85. The doctrine of de facto prejudice has been applied both in English as well as in Indian law. To frustrate departmental enquiries on a

hypertechnical approach has not found favour with the courts in the recent times. In S.L. Kapoor v. Jagmohan a three Judge Bench of this Court

while following the principle in Ridge v. Baldwin stated that if upon admitted or indisputable facts only one conclusion was possible, then in such a

case that principle of natural justice was in itself prejudice would not apply. Thus, every case would have to be examined on its own merits and

keeping in view the statutory rules applying to such departmental proceedings. The Court in S.L. Kapoor held as under:

In Ridge v. Baldwin (AC 40 68 : All ER 73), one of the arguments was that even if the appellant had been heard by the watch committee nothing

that he could have said could have made any difference. The House of Lords observed at (p. 68):

''It may be convenient at this point to deal with an argument that, even if as a general rule a watch committee must hear a constable in his own

defence before dismissing him, this case was so clear that nothing that the appellant could have said could have made any difference. It is at least

very doubtful whether that could be accepted as an excuse. But, even if it could, the watch committee would, in my view, fail on the facts. It may

well be that no reasonable body of men could have reinstated the appellant. But as between the other two courses open to the watch committee

the case is not so clear. Certainly on the facts, as we know them, the watch committee could reasonably have decided to forfeit the appellant''s

pension rights, but I could not hold that they would have acted wrongly or wholly unreasonably if they had in the exercise of their discretion

decided to take a more lenient course.''

86. Expanding this principle further, this Court in K.L. Tripathi v. SBI held as under:

31..... it is not possible to lay down rigid rules as to when the principles of natural justice are to apply : nor as to their scope and extent... There

must also have been some real prejudice to the complainant; there is no such thing as a merely technical infringement of natural justice. The

requirements of natural justice must depend on the facts and the circumstances of the case, the nature of the inquiry, the rules under which the

tribunal is acting, the subject matter to be dealt with, and so forth.

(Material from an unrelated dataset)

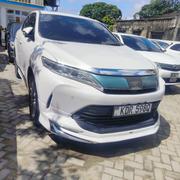 Toyota Harrier 2018 White for sale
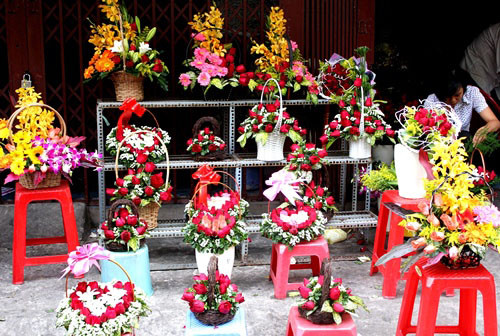 Nhiều điểm bán sỉ, các chủ sạp chủ động làm thủ công các giỏ hoa đa dạng về hình thức để bán nhằm đáp ứng nhu cầu của người mua nhân ngày lễ 14/2. Một số shop hoa cũng có cả dịch vụ giao hoa tận nơi với mức phí khoảng 30.000 đồng.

87. In ECL v. B. Karunakar this Court noticed the existing law and said that the theory of reasonable opportunity and the principles of natural

justice have been evolved to uphold the rule of law and to assist the individual to vindicate his just rights. They are neither incantations to be

invoked nor rites to be performed on all and sundry occasions. Whether, in fact, prejudice has been caused to the employee or not on account of

denial of report to him, has to be considered on the facts and circumstances of each case. The Court has clarified even the stage to which the

departmental proceedings ought to be reverted in the event the order of punishment is set aside for these reasons.

88. It will be useful to refer to the judgment of this Court in Haryana Financial Corpn. v. Kailash Chandra Ahuja at pp. 38-39 where the Court

held as under:

21. From the ratio laid down in B. Karunakar it is explicitly clear that the doctrine of natural justice requires supply of a copy of the enquiry

officer''s report to the delinquent if such enquiry officer is other than the disciplinary authority. It is also clear that non supply of report of the

enquiry officer is in breach of natural justice. But it is equally clear that failure to supply a report of the enquiry officer to the delinquent employee

would not ipso facto result in the proceedings being declared null and void and the order of punishment non est and ineffective. It is for the

delinquent employee to plead and prove that non supply of such report had caused prejudice and resulted in miscarriage of justice. If he is unable

to satisfy the court on that point, the order of punishment cannot automatically be set aside.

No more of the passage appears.